At the Art Car Parade, we met an interesting mix of people. One guy, who described himself as a "stone-cold capitalist," came up to us and dug out a couple of bucks to get the paper. He felt compelled to check this out, saying that this is something different, something new, that people are talking to us about communism. A young Chicano low rider gave $5 for a bundle of papers, and wanted us to contact him further. He said he has friends who would be interested. What grabbed him was the front-page headline about "the historic breakthrough." He wanted to know what that was all about. He was representative of a number of more working class people who are disgusted by the way things are, and feel that the way things are is just intolerable.

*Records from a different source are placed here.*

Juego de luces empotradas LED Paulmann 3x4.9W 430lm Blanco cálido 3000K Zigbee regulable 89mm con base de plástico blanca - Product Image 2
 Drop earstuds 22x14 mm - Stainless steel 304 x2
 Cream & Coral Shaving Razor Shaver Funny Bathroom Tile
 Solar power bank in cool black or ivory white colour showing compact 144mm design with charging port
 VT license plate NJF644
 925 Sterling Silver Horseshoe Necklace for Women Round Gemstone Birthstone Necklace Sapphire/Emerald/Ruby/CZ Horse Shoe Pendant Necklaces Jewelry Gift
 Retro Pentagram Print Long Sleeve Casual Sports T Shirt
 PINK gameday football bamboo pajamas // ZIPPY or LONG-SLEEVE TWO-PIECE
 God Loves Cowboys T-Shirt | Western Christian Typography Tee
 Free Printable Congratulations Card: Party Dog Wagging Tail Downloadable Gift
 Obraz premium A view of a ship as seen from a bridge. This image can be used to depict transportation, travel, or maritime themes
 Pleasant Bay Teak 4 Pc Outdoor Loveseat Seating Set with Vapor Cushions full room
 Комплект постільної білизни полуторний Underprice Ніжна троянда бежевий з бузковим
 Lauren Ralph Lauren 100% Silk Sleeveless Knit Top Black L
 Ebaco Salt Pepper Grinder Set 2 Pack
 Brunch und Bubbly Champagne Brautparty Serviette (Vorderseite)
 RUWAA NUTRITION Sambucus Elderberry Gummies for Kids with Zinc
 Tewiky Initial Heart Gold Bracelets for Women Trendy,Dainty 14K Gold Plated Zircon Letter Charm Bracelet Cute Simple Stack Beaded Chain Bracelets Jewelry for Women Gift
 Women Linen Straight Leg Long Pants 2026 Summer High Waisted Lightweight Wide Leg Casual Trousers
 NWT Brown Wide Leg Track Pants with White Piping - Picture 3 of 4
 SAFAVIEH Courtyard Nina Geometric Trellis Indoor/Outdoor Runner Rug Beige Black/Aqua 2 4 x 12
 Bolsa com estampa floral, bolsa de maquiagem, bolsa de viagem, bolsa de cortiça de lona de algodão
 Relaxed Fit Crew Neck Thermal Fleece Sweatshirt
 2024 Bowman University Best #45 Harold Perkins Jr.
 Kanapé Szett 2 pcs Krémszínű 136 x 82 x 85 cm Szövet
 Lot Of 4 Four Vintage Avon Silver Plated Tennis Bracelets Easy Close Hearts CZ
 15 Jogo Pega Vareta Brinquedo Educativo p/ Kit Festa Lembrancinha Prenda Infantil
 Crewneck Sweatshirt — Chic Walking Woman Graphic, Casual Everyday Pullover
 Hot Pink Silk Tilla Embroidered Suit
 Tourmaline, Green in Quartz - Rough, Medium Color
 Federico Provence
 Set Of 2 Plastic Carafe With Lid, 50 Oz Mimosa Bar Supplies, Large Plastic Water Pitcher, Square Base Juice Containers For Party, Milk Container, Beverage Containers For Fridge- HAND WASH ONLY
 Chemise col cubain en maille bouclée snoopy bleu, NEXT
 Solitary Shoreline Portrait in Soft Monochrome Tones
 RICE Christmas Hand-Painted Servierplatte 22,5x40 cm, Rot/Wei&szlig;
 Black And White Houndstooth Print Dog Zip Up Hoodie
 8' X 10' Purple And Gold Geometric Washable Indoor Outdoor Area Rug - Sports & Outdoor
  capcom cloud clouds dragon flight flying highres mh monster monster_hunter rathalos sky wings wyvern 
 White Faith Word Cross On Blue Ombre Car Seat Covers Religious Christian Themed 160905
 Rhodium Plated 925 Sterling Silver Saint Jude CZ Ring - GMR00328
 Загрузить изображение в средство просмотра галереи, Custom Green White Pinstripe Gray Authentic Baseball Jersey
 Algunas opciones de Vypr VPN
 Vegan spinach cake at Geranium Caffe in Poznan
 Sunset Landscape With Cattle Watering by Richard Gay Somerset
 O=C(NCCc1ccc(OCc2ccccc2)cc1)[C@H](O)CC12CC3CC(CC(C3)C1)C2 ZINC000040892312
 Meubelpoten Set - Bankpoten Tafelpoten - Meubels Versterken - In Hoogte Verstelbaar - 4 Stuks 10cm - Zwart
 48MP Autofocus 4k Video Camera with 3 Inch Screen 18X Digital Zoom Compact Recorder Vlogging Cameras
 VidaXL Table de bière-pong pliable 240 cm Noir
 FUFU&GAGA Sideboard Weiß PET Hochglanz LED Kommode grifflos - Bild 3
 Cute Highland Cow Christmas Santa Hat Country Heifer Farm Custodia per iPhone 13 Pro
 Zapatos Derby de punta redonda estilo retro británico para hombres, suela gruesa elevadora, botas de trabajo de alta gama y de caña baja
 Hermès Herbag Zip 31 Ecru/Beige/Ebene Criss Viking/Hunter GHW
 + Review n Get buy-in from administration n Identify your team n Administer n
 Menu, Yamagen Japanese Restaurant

Another important aspect of taking out the May First issue is how it raised all kinds of questions about the first wave of communist revolutions. A young guy who got the paper, said he argues with friends about whether communism has anything good to offer people. He feels people only hear one side. Others were intrigued about what we were saying about the accomplishments of these socialist societies. This is not the "narrative" they've heard, and many feel compelled to check it out, especially in these turbulent times.

A lot of people were struck by the point that things haven't always been this way, and don't have to stay this way. "The Long Darkness…" section of the Manifesto challenges the framework people have been taught that there's always been someone dominating others. This is very powerful, and cannot be underestimated—especially when it is combined with how we've come to the point where this is no longer necessary, and we have the means to end class society once and for all. Giving people a scientific understanding of the development of class society, as this section does, really resonates with people. Several times we pointed out that billions are starving in a world where we have the means to feed everyone, how it is only capitalism that stands in the way, and how socialism can resolve this basic problem. You can see how this reality hits people from all different strata.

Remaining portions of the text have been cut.